The cultivation of Sphagnum for commercial purposes is something I have been meaning to do some work on, as most of the current work focuses on regrowth after peat harvesting.
The effectiveness of Sphagnum on Sulphur would depend on its placement on the Elemental reactivity scale (which I don’t have handy at the moment sorry). But, honesty, in the form I have been using, it is probably not the best thing for anybody who can afford not too to use except as a last resort. The main draw back is that the moss will need to soak in the water you are intending to use for at least an hour. It’s not exactly viable for the ‘attach to the tap and go’ type of filter. And, if you’re willing to spend, you can probably get much better ones on the market in the developed world. That is why I was proposing using it as a relief measure for third world families. It is far from perfect, but it is affordable and will improve the situation somewhat, but it’s not a miracle fix.
If you’re interested in seeing my full report or even more detailed data, give me an email.
Arielle Garrett

Unknown said...

It's an honor to hear from you!

Permaculturists often find themselves working in dire situations which literally are life and death for the people involved (e.g. a self-sponsored aid project in sub-Saharan Africa). Your findings are a sustainable solution to one of many serious problems that might be encountered. In short, it's extremely useful information.
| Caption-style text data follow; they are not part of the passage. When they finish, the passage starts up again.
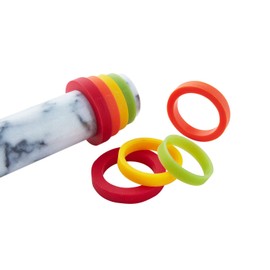 JEmarble Adjustable Rolling Pin with Silicone Guide Rings (Premium Quality)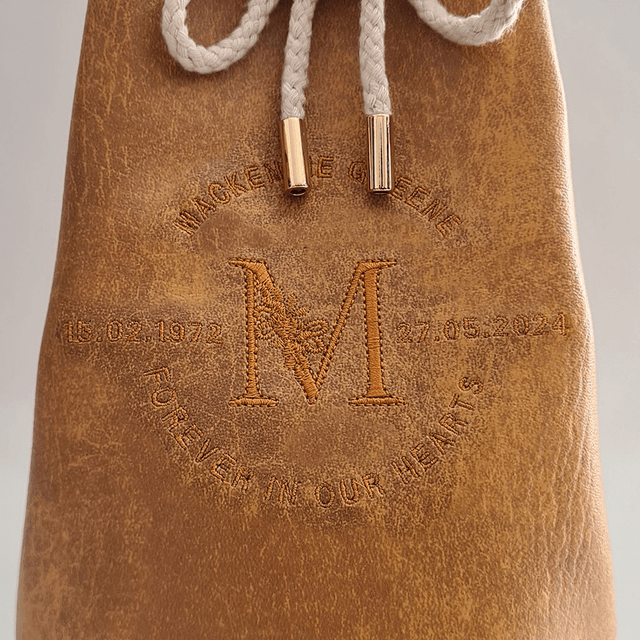 Medium - Tan Embroidered Personalised Handmade Urn Bag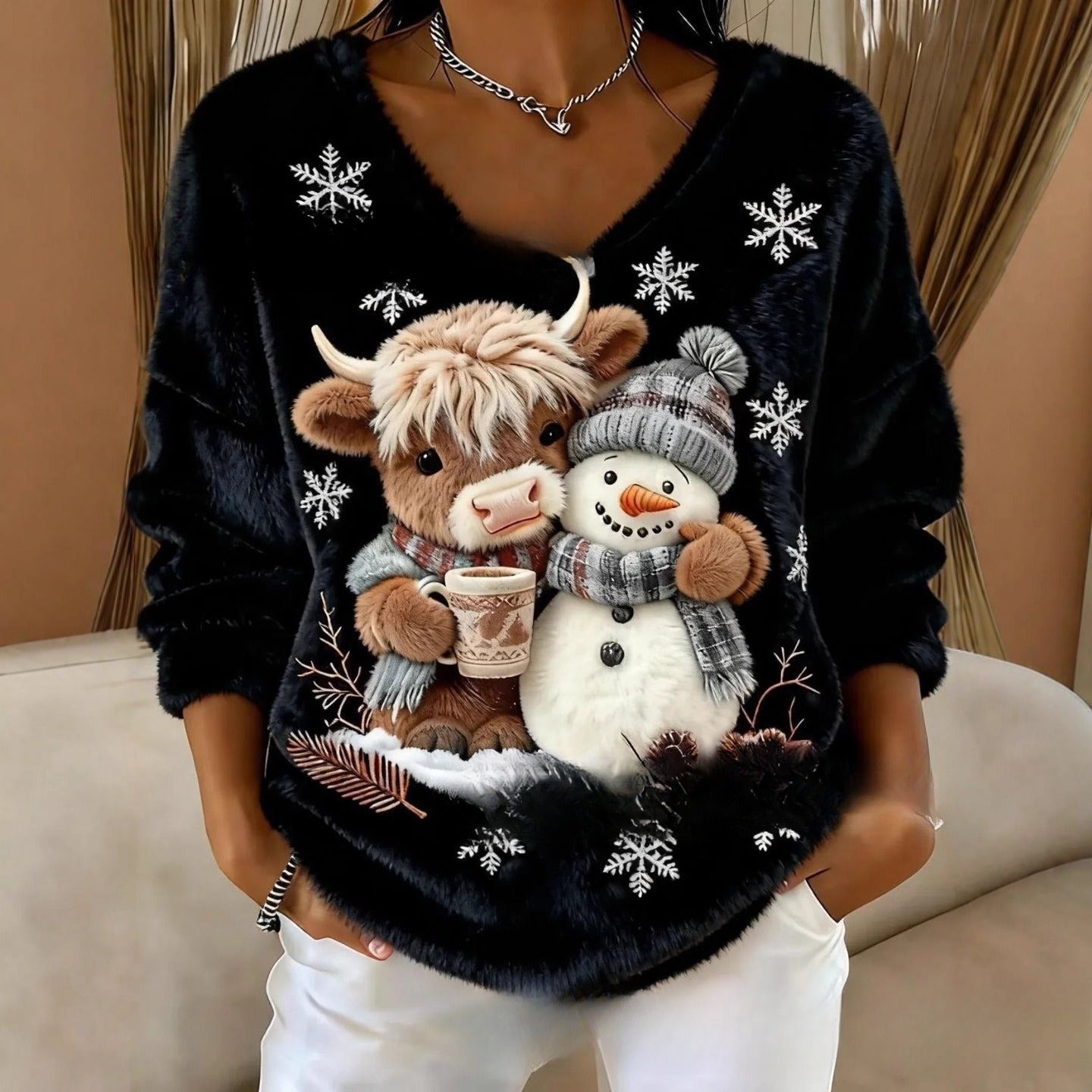 Fashionable Digital-Printed Christmas Women's V-Neck Sweater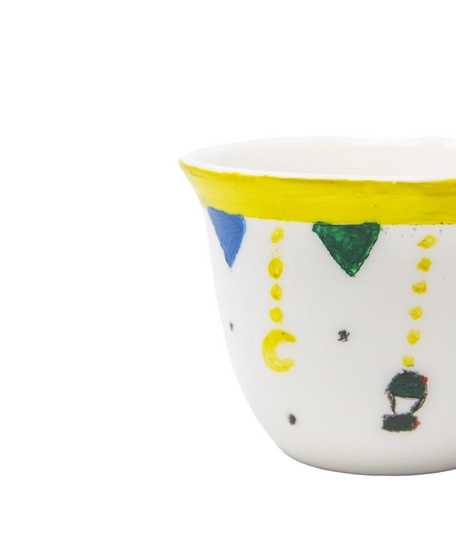 White Arabic Coffee Cup Adorned with Ramadan Inspired Drawings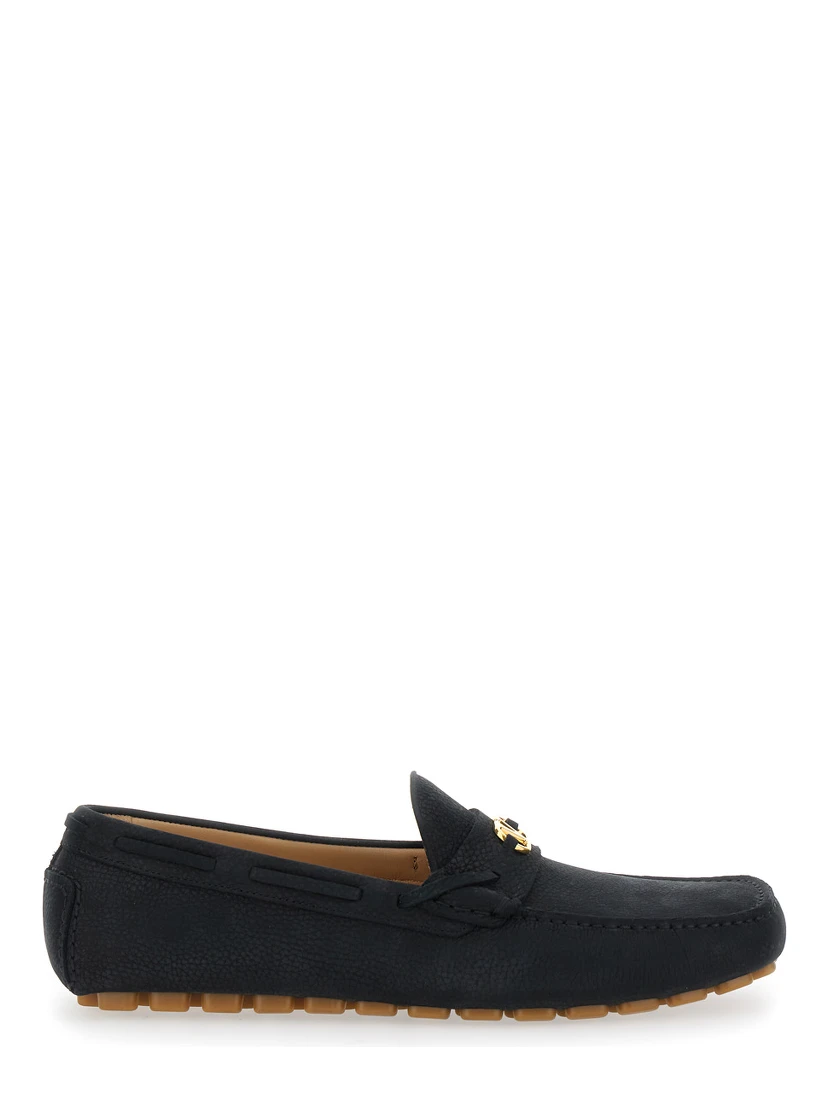 Black Loafers with Round Toe and VLogo Plaque in Suede Man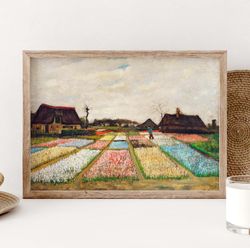 vincent van gogh's garden poster, vintage flower beds in holland poster, cottage art, botanical print, village home deco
As for your data, I know of one world-renowned permaculturist who has asked me if I could get it. I would love to get my hands on it. Just click on the contact address on the righthand menu.


Drake said...

As far as filtering water in streams or from runoff sources Paul Stammets Author of How Mushrooms Can Help Save the World used bales of Hay inoculated with Oyster Mushrooms. This helped a bacterial problem in a water retention pond below it. Straw bale filter.

Unknown said...

Thanks, Drake! Stamets also included woodchips as well. And I seem to recall that the mushroom species was Stropharia rugosa annulata, but I'll look it up when I get home and have access to my library (being on a job site now). In the case in the book, Paul was trying to meet EPA standards for E. coli off of his cattle yard. The dense hyphae of the Stropharia worked and he cut his E. coli down to below the limit required.